Records for the exercise:
□ □ □

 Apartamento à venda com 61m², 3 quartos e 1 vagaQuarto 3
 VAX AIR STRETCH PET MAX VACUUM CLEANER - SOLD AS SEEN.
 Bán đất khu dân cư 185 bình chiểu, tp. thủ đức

□ □ □

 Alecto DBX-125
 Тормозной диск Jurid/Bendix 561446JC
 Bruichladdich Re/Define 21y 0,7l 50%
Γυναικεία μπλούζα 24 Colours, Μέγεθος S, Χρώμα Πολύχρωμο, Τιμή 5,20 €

□ □ □

Assignment: Looking at the data above, return every line from the one with "Apartamento à venda" down to the one with "Bán đất khu", exactly and inclusively.

The completed task:
 Apartamento à venda com 61m², 3 quartos e 1 vagaQuarto 3
 VAX AIR STRETCH PET MAX VACUUM CLEANER - SOLD AS SEEN.
 Bán đất khu dân cư 185 bình chiểu, tp. thủ đức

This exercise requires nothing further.